Miquel Giménez-Vozpópuli  

Las hogueras que han encendido los políticos esta verbena son más rugientes que nunca. Acostumbran a quemar demasiadas cosas. Este año ha sido mucho peor: han quemado el constitucionalismo.

La tradición quiere que, en el solsticio de verano, se arrojen al fuego purificador aquellos enseres que ya no nos son útiles. Cuando los de mi generación, ayunos de corrección política y otras bastardías del alma, correteábamos por las calles de mi Poble Sec infantil pidiendo bien una silla rota, bien unas maderas inservibles o bien aquellos cartones que ya no hacía falta llevar al trapero para conseguir unos céntimos con los que comprar el pan, nos considerábamos héroes intrépidos. La hoguera de San Juan, cantada magistralmente por Serrat, era una fiesta popular en la que vecinos y familias se juntaban para tirar piules, bombetes, corre-cames y compartir la tradicional coca y el champán, que aún no se sabía cava.

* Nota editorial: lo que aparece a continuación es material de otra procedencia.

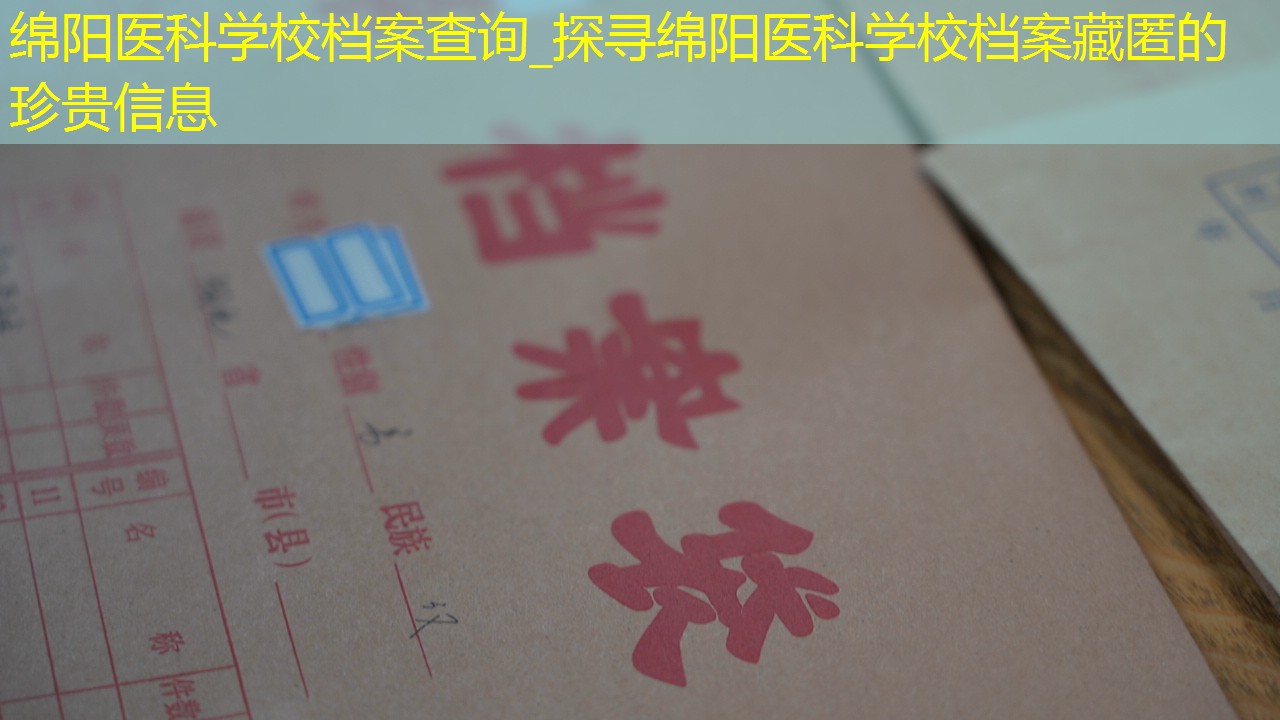 档案查询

Quemaba todo en cruces de calles sin asfaltar, con adoquines gruesos como chuscos, entre gritos de gozo y avisos conminatorios de no acercarnos demasiado por parte de nuestras madres, prestas siempre con cubos de agua para evitar alguna tragedia. Eran hogueras inocentes, sin mayor objetivo que contemplar el atávico espectáculo de las llamas rojizas ascender hasta aquel cielo nocturno de una Barcelona que no volverá jamás. Ahora, todo ha pasado y las verbenas tienen un tono de separatismo marcadísimo, empezando con la monserga de traer desde el Canigó una llama que ha de encender toda hoguera que se considera respetablemente catalana.

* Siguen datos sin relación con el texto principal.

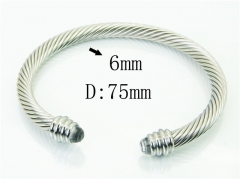 HY Wholesale Bangles Stainless Steel 316L Fashion Bangle-HY38B0850HLA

Entre las cosas que la clase política ha ido arrojando a la hoguera a lo largo de décadas, y no han sido pocas, este año han lanzado al fuego el constitucionalismo

Entre las cosas que la clase política ha ido arrojando a la hoguera a lo largo de décadas, y no han sido pocas, este año han lanzado al fuego el constitucionalismo. En Cataluña se vive un repliegue de todo lo que pareció iniciarse con Ciudadanos y que tomó cuerpo y sustancia con las manifestaciones convocadas por Societat Civil Catalana. Observamos impotentes como la Resistencia es cada día un poco más pequeña, más estrecha, más atomizada por culpa de mezquinos intereses personales, egoísmos incomprensibles y turbios intereses políticos.

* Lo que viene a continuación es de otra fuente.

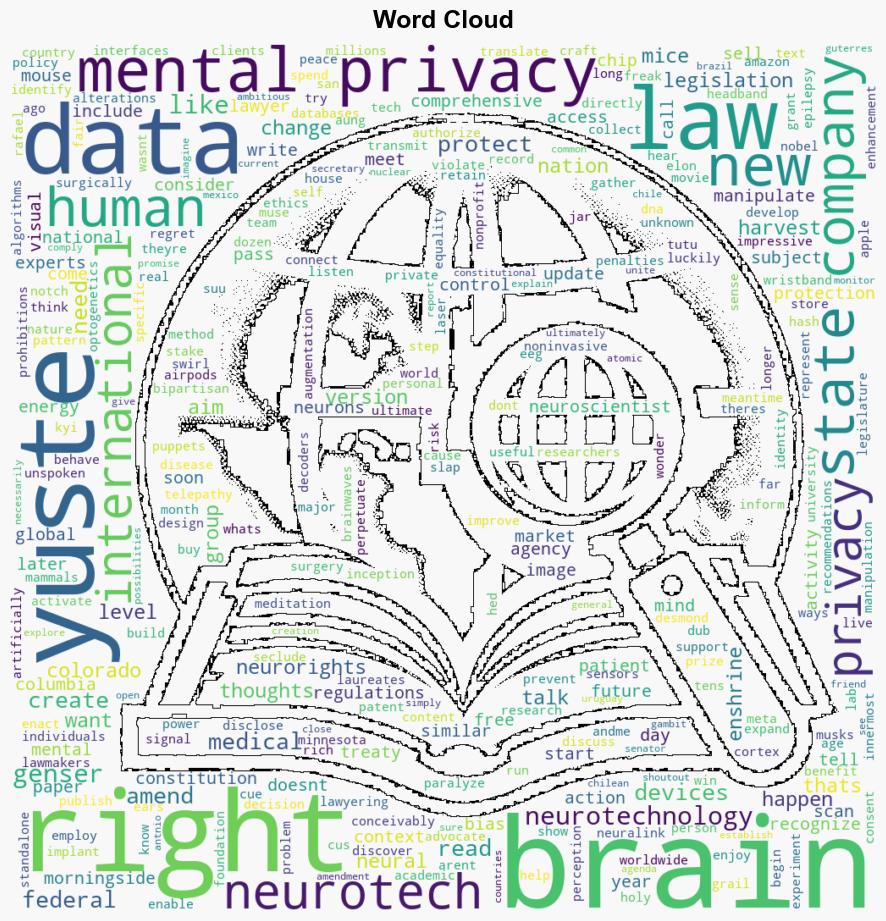 Your brain needs a really good lawyer - Vox - Image 1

El socialismo catalán, adalid de la mediocridad y de la más rotunda voluntad de convertirse en el PRI, ha sabido resucitar de una tumba histórica y electoral que parecía cerrada a cal y canto; otro sí podemos decir del espíritu convergente, tan perjudicial como el anterior. Ambos se precisan como el día y la noche, pues son hijos de las trescientas familias que han dominado siempre la vida, la economía y la política catalana. La sociovergencia tiene ahora más puntos que nunca, y ahí tienen, por vía de ejemplo, los acuerdos en veintitrés ayuntamientos de Cataluña entre el PSC y Junts per Catalunya, siendo esta última la formación que, entre todas, ha llegado a más acuerdos con los de Iceta en el mapa territorial catalán. No olvidemos que JxC es la formación de Puigdemont, de Torra, de Artur Mas que ya prepara su aterrizaje en política el próximo febrero cuando finalice su inhabilitación.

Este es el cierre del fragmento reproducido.